Neyman Seminar. Spring 2012.

Wednesdays, 4 PM - 5 PM, 1011 Evans Hall

January 25
Tsachy Weissman
Information Systems Laboratory, Department of Electrical Engineering, Stanford University.
On Information, Estimation, Causality, Mismatch, and Delay.
We'll start with a brief tour through some of the information theory literature - both classical and recent - on relations between information and estimation under Gaussian noise. Then we'll see how these relations carry over to Poisson and more generally distributed noise. These relations give considerable insight into and a quantitative understanding of several estimation theoretic objects, such as the costs of causality and of mismatch, as well as the performance of the minimax estimator under general uncertainty sets. They also enable the transfer of analytic tools and algorithmic know-how from information theory and communications to estimation. A few examples illustrating these points will be presented.
February 1
Carl Haber
Lawrence Berkeley National Laboratory.
Imaging Historic Voices: Optical Scanning Applied to Recorded Sound Preservation and Access.
Sound was first recorded and reproduced by Thomas Edison in 1877. Until about 1950, when magnetic tape use became common, most recordings were made on mechanical media such as wax, foil, shellac, lacquer, and plastic. Some of these older recordings contain material of great historical value or interest but are damaged, decaying, or now considered too delicate to play. Unlike print and latent image scanning, the playback of mechanical sound carriers has been an inherently invasive process. Recently, a series of techniques, based upon non-contact optical metrology and image processing, have been applied to create and analyze high resolution digital surface profiles of these materials. Numerical methods may be used to emulate the stylus motion through such a profile in order to reconstruct the recorded sound. This approach, and current results, including the earliest known sound recordings, are the focus of this talk and will be illustrated with sounds and images.
February 8
Inez Fung
Department of Earth & Planetary Science, Department of Environmental Science, Policy and Management, UC Berkeley.
Carbon Data Assimilation
About half the anthropogenic CO2 emitted to the atmosphere is absorbed by the oceans and the land. Knowledge of the locations and magnitudes of the carbon sinks is useful for climate treaty verification. Inversion for the ocean and land sinks from the sparse CO2 observations at remote marine locations has relied on models of atmospheric transport, and are highly uncertain. In the past several years, the availability of global CO2 observations from satellite has greatly expanded the CO2 data volume from O(100) to O(1e6) every two weeks. We present a new integrated carbon data assimilation system that combines raw meteorological observations and all CO2 observations into a global climate model using the Local Ensemble Transform Kalman Filter (LETKF). Preliminary results suggest that it may be feasible to derive CO2 sources and sinks at the surface without priors.
February 15
Julien Mairal
Statistics, UC Berkeley.
Structured Sparse Estimation with Network Flow Optimization.
Sparse linear models have received a lot of attention in statistics, machine learning, signal processing, computer vision, bio-informatics, and neuroscience. Regularization functions encouraging the solution of a problem to be sparse---that is, to have many zero entries, have proven to be useful for different (equally important) reasons. Parcimony can be a good a priori when the ``true'' solution is indeed sparse, leading to better estimation, and sparse models can be easier to interpret than dense ones and computationally cheaper to use. We will start the presentation by reviewing a recent line of work dubbed ``structured sparsity'', where the solutions are not only encouraged to be sparse, but also to follow the (a priori) structure of the problem. Whereas this approach addresses some of the limitations of classical sparse models, it raises challenging new combinatorial problems. In particular, we will focus on supervised learning problems where the features are embedded in~a graph, such as gene expressions in a gene network. We will introduce penalties whose purpose is to automatically select features forming a subgraph with a small number of connected components, and show how the combinatorial problems they involve can be tackled using network flow optimization.
February 22
Barbara Romanowicz
Earth and Planetary Science, UC Berkeley.

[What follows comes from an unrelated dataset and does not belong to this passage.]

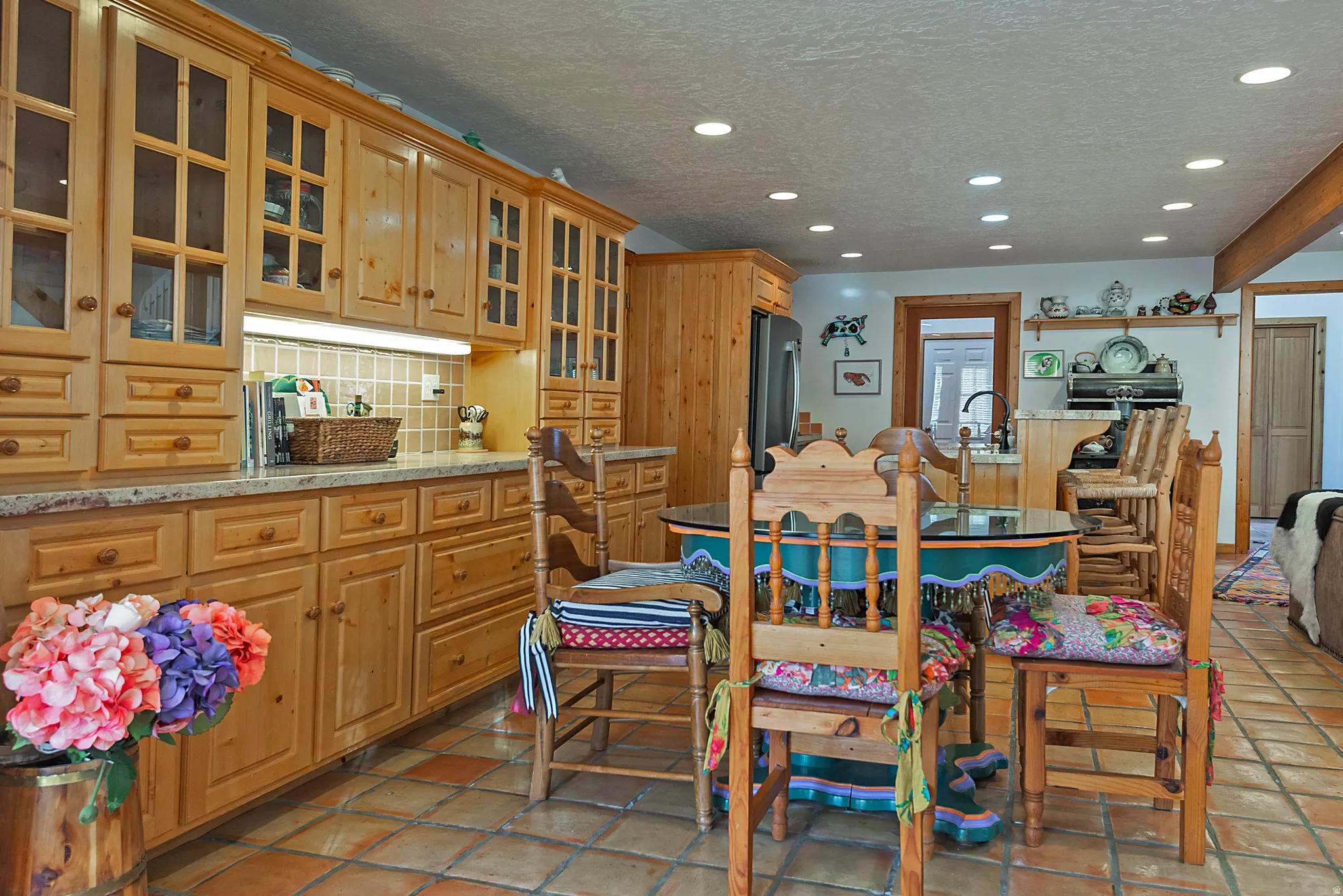 Dining room with recessed lighting, a textured ceiling, and light tile patterned flooring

Global seismic tomography in the age of numerical wavefield computations
I will review the different types of data and tomographic methodologies that have been used over the last 30 years to construct three dimensional seismic models of the earth's mantle and describe new opportunities afforded by the accurate numerical seismic wavefield computations recently introduced in global seismology. I will discuss robust features of current global models and their physical interpretation, and issues encountered in the non-linear optimization approaches used in seismic waveform inversion. Finally, I will describe our current efforts to improve earth models by combining trans-dimensional stochastic approaches and numerical wavefield computations, while remaining computationally reasonable.
February 29
Marianna Pensky
Department of Mathematics, University of Central Florida.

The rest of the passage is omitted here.